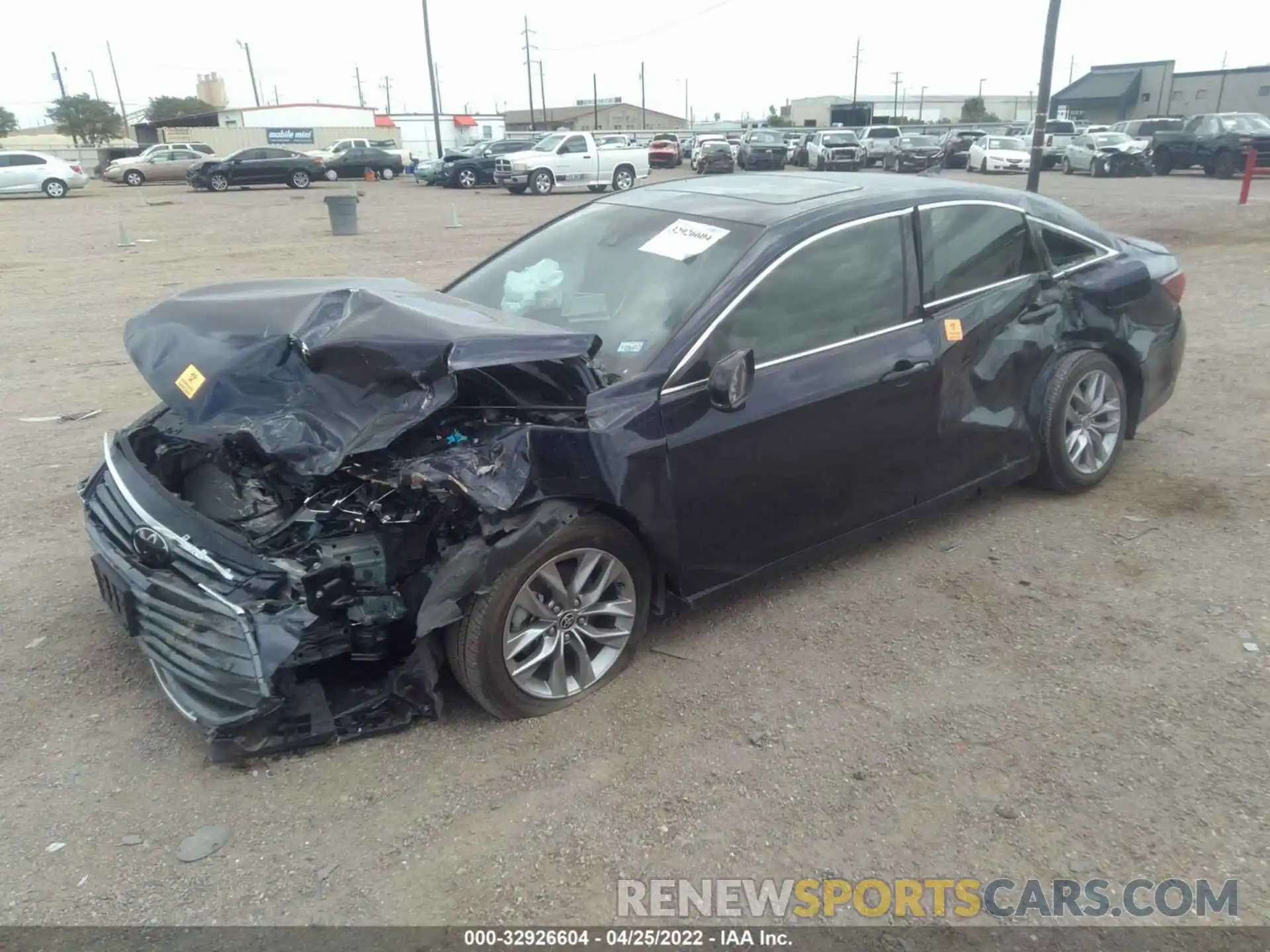 2 Photograph of a damaged car 4T1AZ1FB1MU060260 TOYOTA AVALON 2021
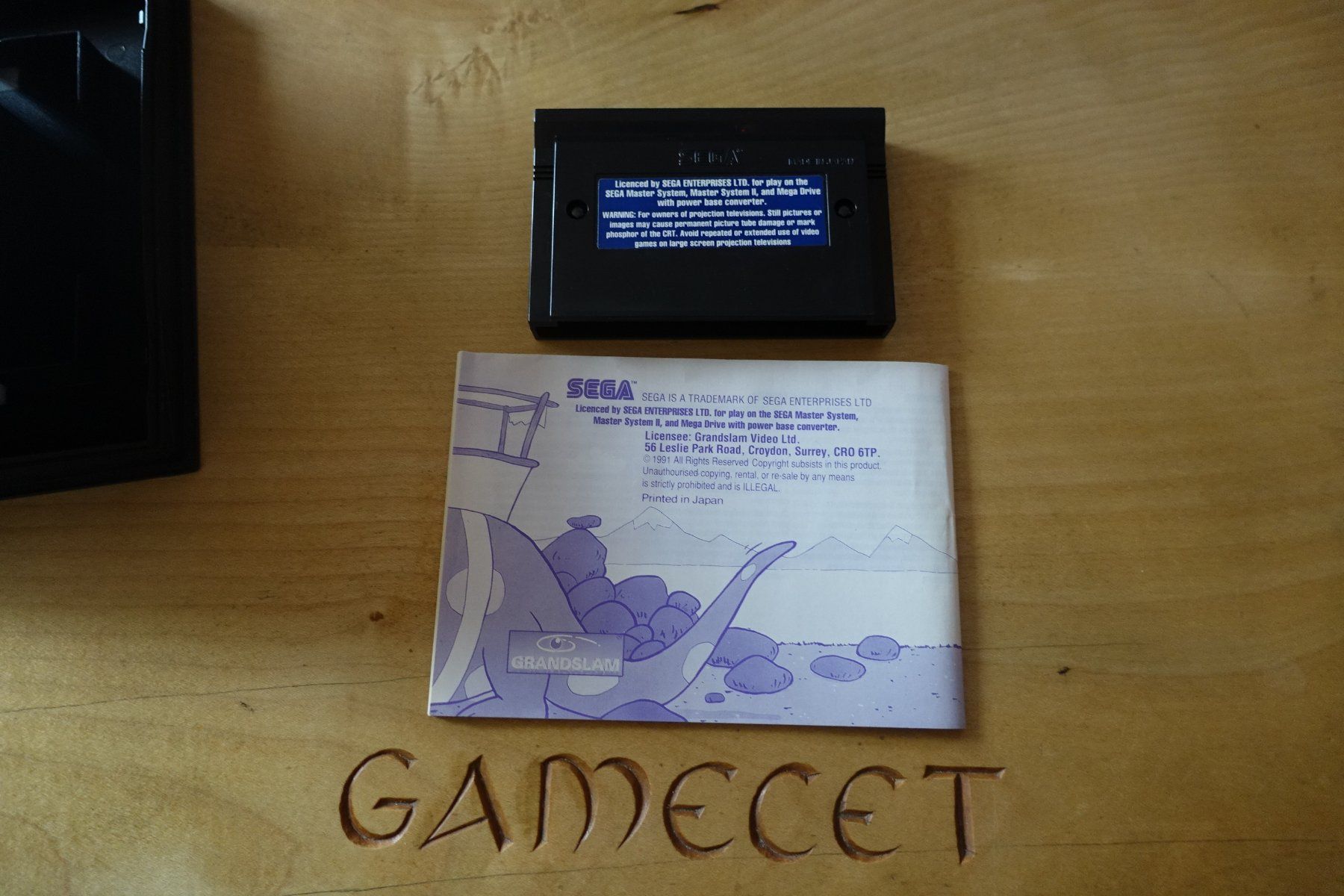 Sega Giochi: The Flintstones - Sega Master System – Usato da Steinach venduto da Gamecet 6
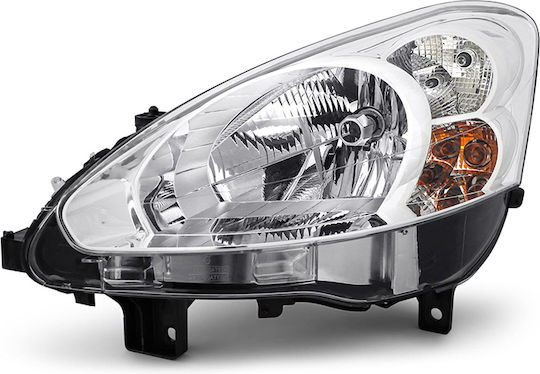 Headlight Left Peugeot Citroen Partner Tepee Berlingo 2012-2015 Electric Adjustment 505983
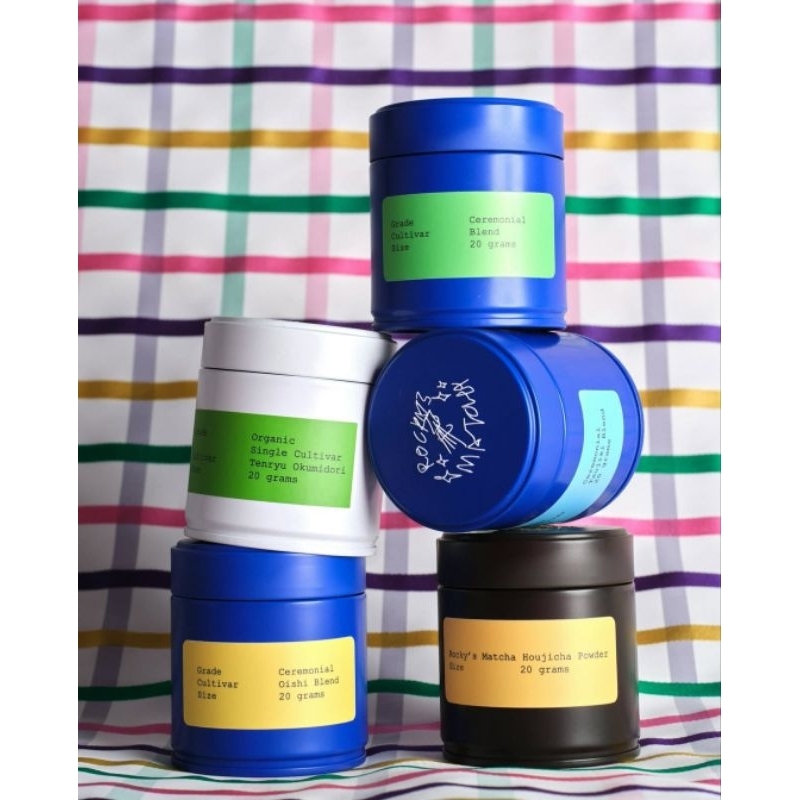 

ROCKYS MATCHA Matcha Powder Ceremonial Grade Japan Bubuk Matcha Jepang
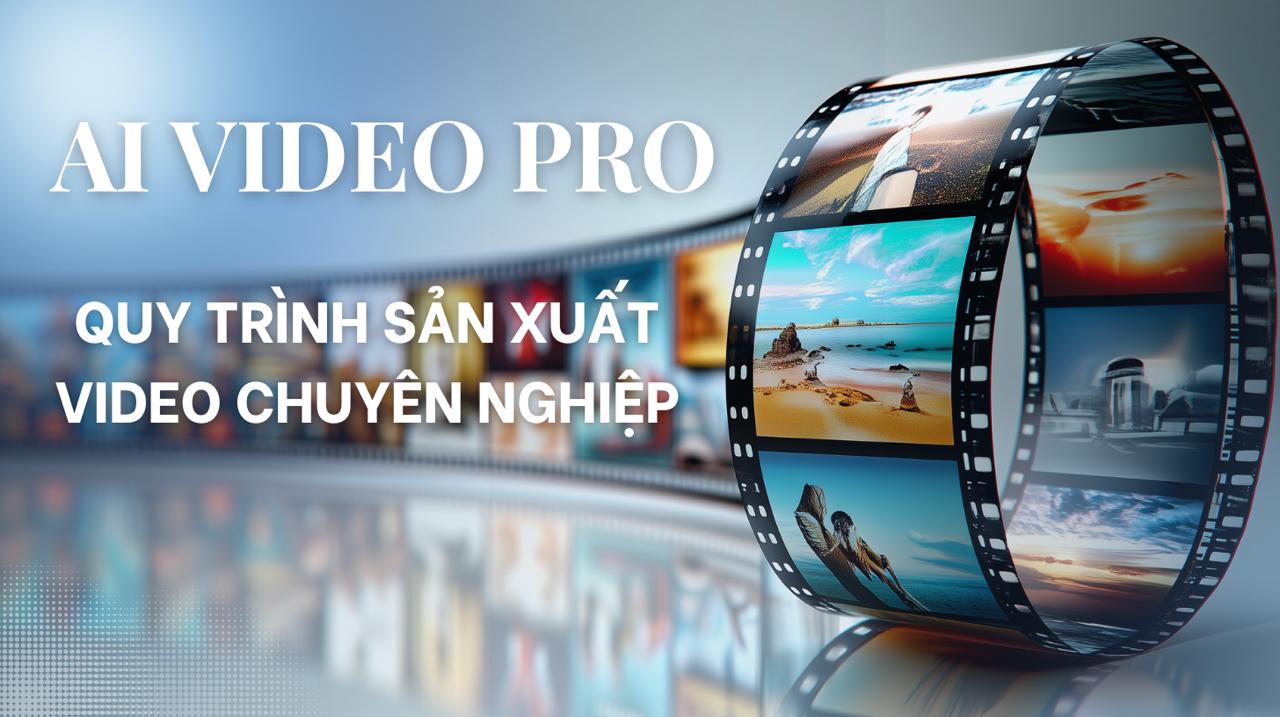 Quy Trình Sản Xuất Video Chuyên Nghiệp (AI Video Pro)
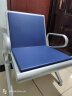 欧耐德  机场椅钢制医院车站银行等候椅输液椅长条排椅PU垫三人位 实拍图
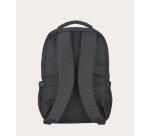 Tucano BACKPACK LAPTOP 15.6 MACBOOK ACCS mochila Mochila de senderismo Negro Tereftalato de polietileno reciclado (rPET)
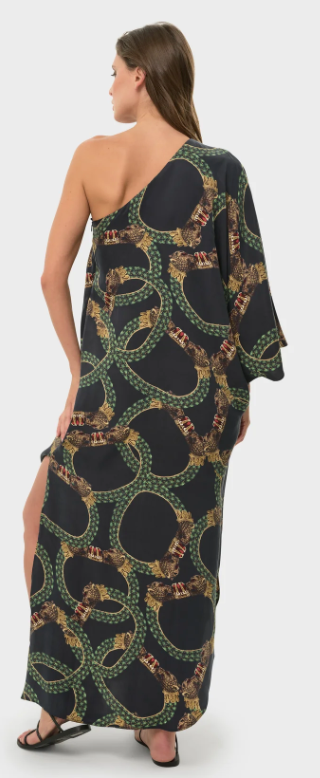 Dion Mystique One Shoulder Maxi Dress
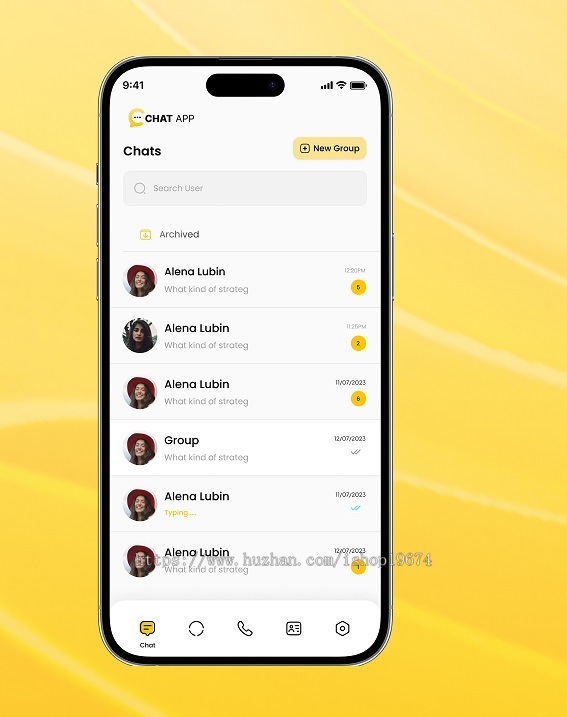 多语言即时通讯app源码聊天APP类似Whatsapp即时通讯APP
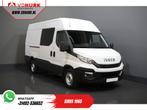 Iveco Daily 35S16V 2.3 L3H2 155 pk Aut. DC Dubbel Cabine EXP, Gebruikt, Euro 6, Iveco, Wit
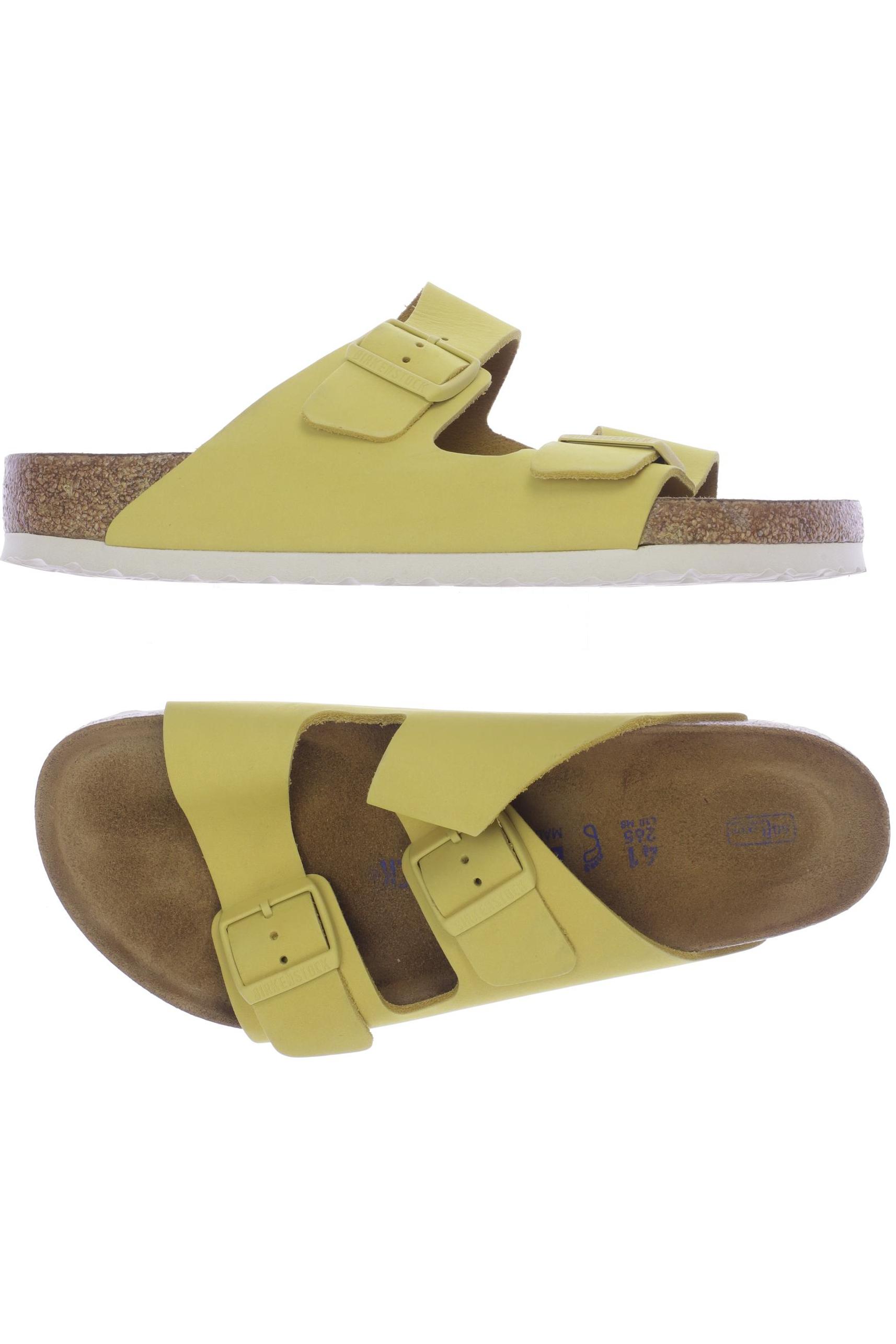 

Birkenstock Damen Sandale, gelb, Gr. 41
————
[Description of the task]: Return exactly the lines from the one containing "Quy Trình Sản" through the end of the records, leaving out every picture.

[Answer below]:
 Quy Trình Sản Xuất Video Chuyên Nghiệp (AI Video Pro)
 欧耐德  机场椅钢制医院车站银行等候椅输液椅长条排椅PU垫三人位 实拍图
 Tucano BACKPACK LAPTOP 15.6 MACBOOK ACCS mochila Mochila de senderismo Negro Tereftalato de polietileno reciclado (rPET)
 Dion Mystique One Shoulder Maxi Dress
 多语言即时通讯app源码聊天APP类似Whatsapp即时通讯APP
 Iveco Daily 35S16V 2.3 L3H2 155 pk Aut. DC Dubbel Cabine EXP, Gebruikt, Euro 6, Iveco, Wit

Birkenstock Damen Sandale, gelb, Gr. 41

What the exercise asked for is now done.